DATA RECORDS »
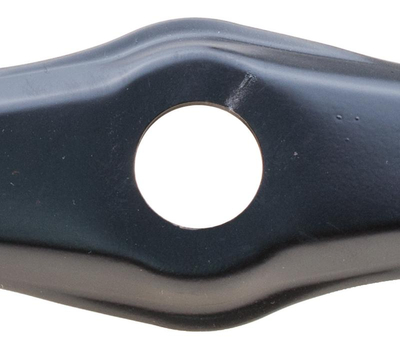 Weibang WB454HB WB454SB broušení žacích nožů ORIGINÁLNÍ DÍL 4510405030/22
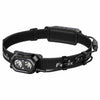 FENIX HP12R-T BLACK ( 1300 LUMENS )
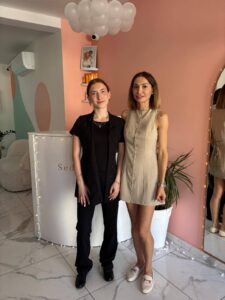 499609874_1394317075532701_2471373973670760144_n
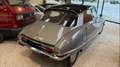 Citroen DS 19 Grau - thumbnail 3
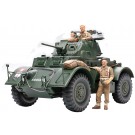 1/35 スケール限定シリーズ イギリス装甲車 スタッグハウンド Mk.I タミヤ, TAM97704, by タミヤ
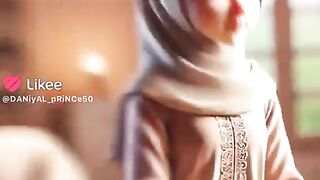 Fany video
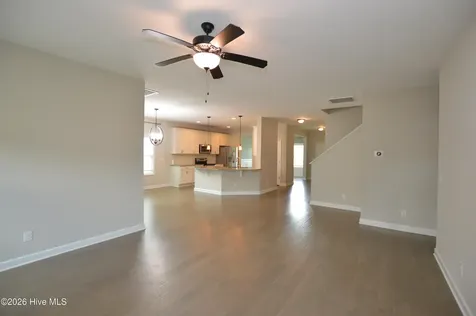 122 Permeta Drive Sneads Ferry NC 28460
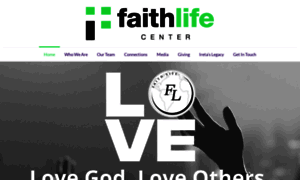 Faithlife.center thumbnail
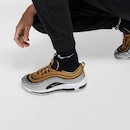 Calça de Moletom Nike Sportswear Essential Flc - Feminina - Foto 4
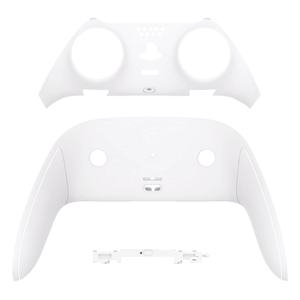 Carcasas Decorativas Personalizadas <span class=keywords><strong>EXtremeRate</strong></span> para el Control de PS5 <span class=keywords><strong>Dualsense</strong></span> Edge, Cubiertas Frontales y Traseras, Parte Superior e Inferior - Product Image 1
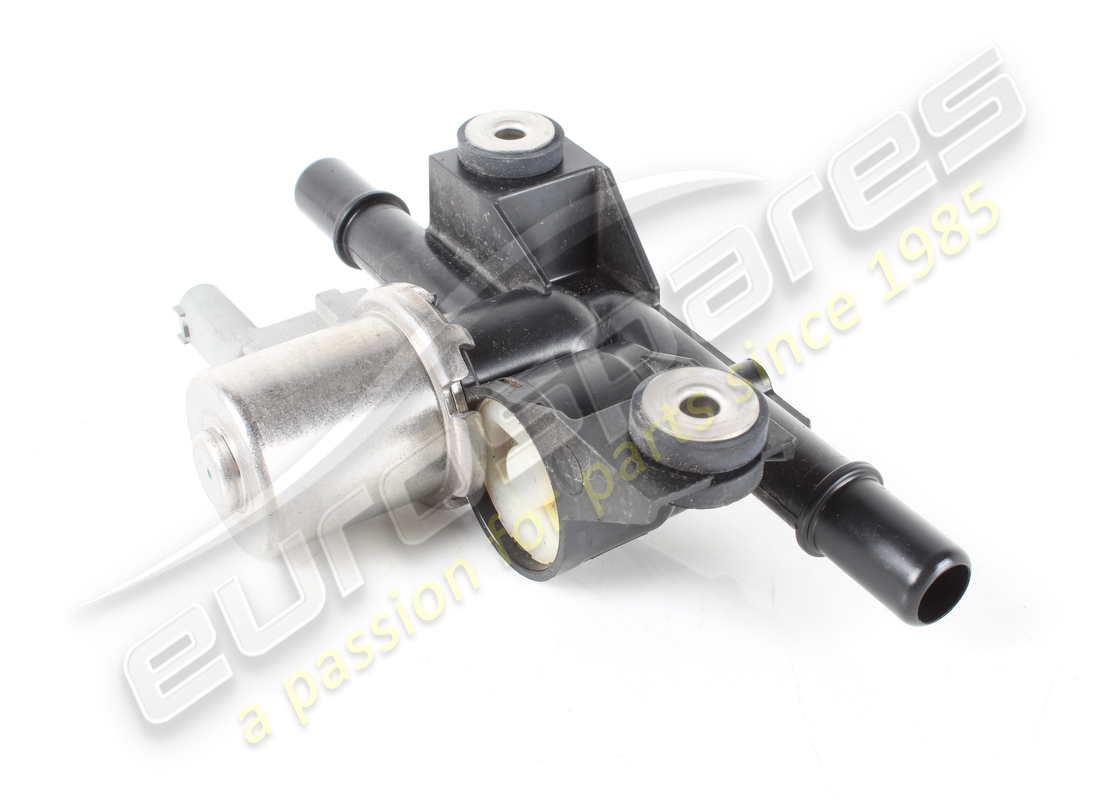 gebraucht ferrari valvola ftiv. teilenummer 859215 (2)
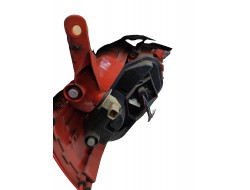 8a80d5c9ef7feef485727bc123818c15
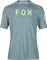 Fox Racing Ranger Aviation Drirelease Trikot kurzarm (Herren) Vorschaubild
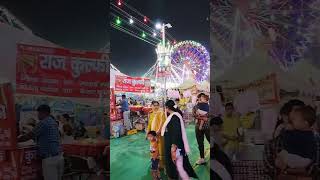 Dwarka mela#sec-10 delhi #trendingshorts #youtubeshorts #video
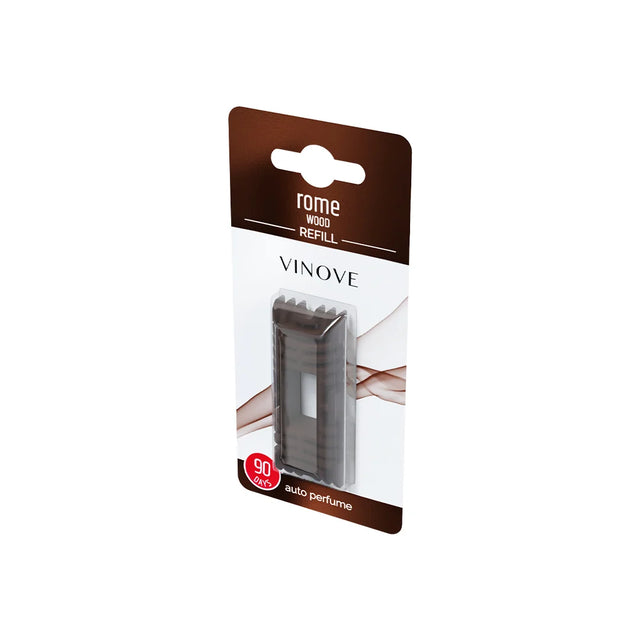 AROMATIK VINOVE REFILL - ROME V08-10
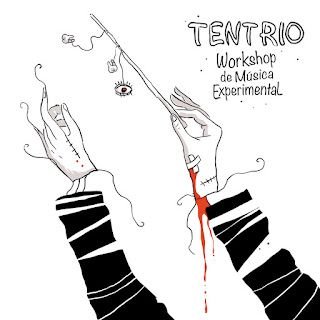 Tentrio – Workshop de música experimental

WHAT THIS TASK INVOLVES » Could you copy every record exactly, without the pictures?

RESULT FOR THIS EXERCISE »
 Weibang WB454HB WB454SB broušení žacích nožů ORIGINÁLNÍ DÍL 4510405030/22
 FENIX HP12R-T BLACK ( 1300 LUMENS )
 499609874_1394317075532701_2471373973670760144_n
 Citroen DS 19 Grau - thumbnail 3
 1/35 スケール限定シリーズ イギリス装甲車 スタッグハウンド Mk.I タミヤ, TAM97704, by タミヤ
 Fany video
 122 Permeta Drive Sneads Ferry NC 28460
 Faithlife.center thumbnail
 Calça de Moletom Nike Sportswear Essential Flc - Feminina - Foto 4
 Carcasas Decorativas Personalizadas <span class=keywords><strong>EXtremeRate</strong></span> para el Control de PS5 <span class=keywords><strong>Dualsense</strong></span> Edge, Cubiertas Frontales y Traseras, Parte Superior e Inferior - Product Image 1
 gebraucht ferrari valvola ftiv. teilenummer 859215 (2)
 8a80d5c9ef7feef485727bc123818c15
 Fox Racing Ranger Aviation Drirelease Trikot kurzarm (Herren) Vorschaubild
 Dwarka mela#sec-10 delhi #trendingshorts #youtubeshorts #video
 AROMATIK VINOVE REFILL - ROME V08-10
 Tentrio – Workshop de música experimental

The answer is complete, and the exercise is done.